A couple thoughts on the change of political parties...
After the Civil War the southern states were nearly 100% Democratic. From the governor down to the dog catcher, you almost couldn't get elected as a Republican. The familiar liberal/conservative lines still existed, but it was essentially one party rule. On a national level, this meant that many southern Democratic senators and congressmen could be, and often were just as conservative than typical Republicans.

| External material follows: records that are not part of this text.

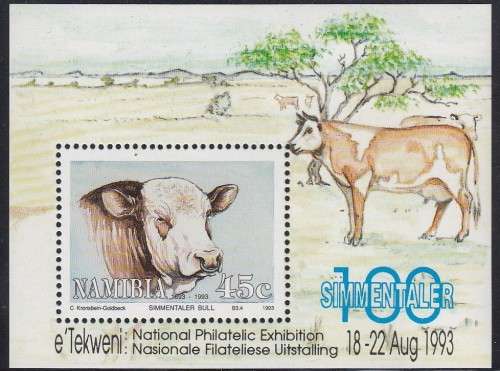 Namibia (previously SWA) - 1993 - Arrival of Simmentaler Cattle - Miniature Sheet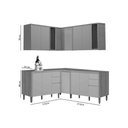 Ver imagem 4 de Kit Cozinha Modulada 6 Peças Allure (3aéreos+3balcões) Cp27 Jequitiba/gris Fosco - Linea Brasil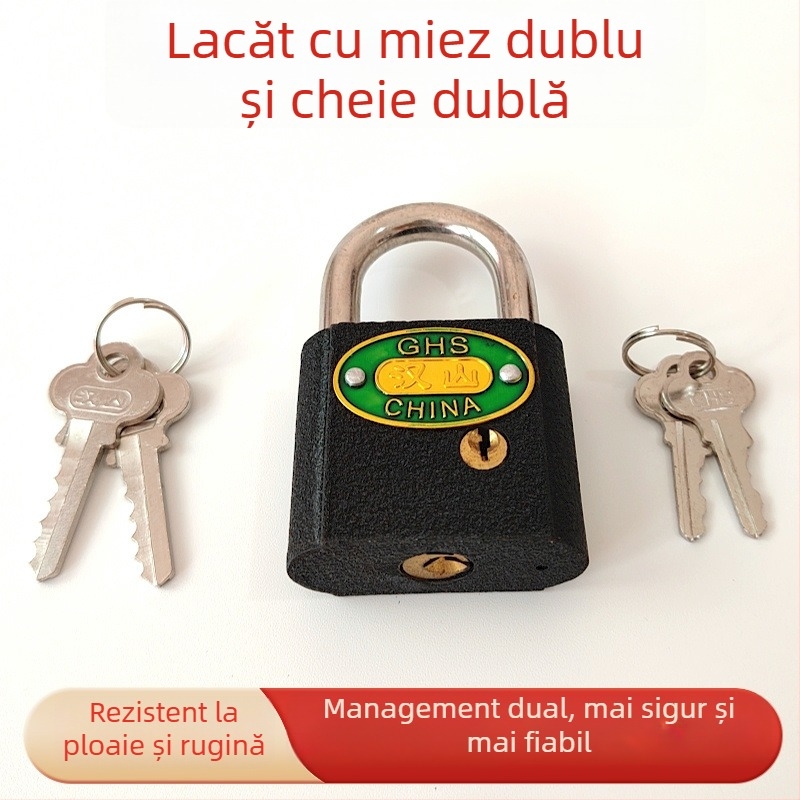 Hanshan lacăt cu două cilindri pentru gestionare în doi — lacăt de securitate pentru depozit și stație de carburanți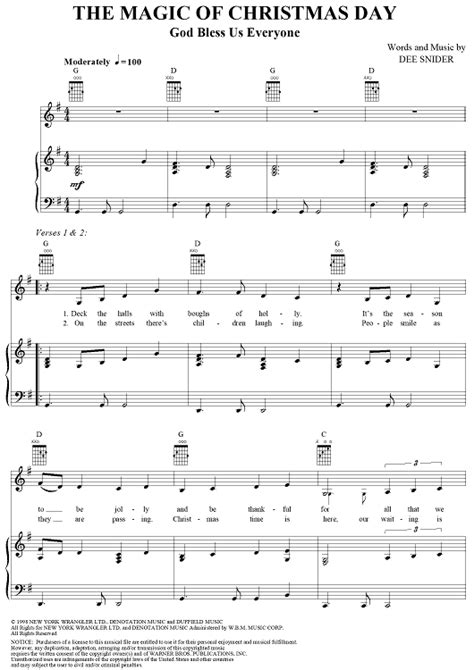 The Magic of Christmas Day" Sheet Music by Celine Dion for Piano/Vocal/Chords - Sheet Music Now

This started to change in the 1970s with Nixon's "Southern Strategy" which courted conservative southern Democrats, and started to take off in the 1980s with Reagan. Two things really sealed the deal, one was the Democrats losing the House majority in 1994 at which point many remaining southern Democrats decided to switch parties, and the second was courting evangelical voters, who vote reliably anti-abortion. Abortion is a classic wedge issue where people who feel strongly about that issue will vote regardless of other factors. This lead to the near death of the NE liberal Republican. George H.W. Bush for example was pro-choice, and Mitt Romney ran for senate as a pro-choice candidate.

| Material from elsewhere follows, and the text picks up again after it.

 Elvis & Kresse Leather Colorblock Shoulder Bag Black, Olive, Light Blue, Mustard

Enter Donald Trump. Trump keeps the abortion issue, along low taxes, and a few other things, but otherwise flips the script. Trump is in favor of tariffs and a generally isolationist viewpoint, which appeals enough to white working class voters who had formerly mostly been Democrats, and wins the election.
The Post-Trump Republican party faces some big questions. The economically liberal (in the classic sense) wing of the Republican Party isn't compatible with the Trump wing. The aggressive foreign policy wing isn't either. I don't know how this plays out, but a different Republican Party will emerge from the post-Trump era. And a different Democratic party will too.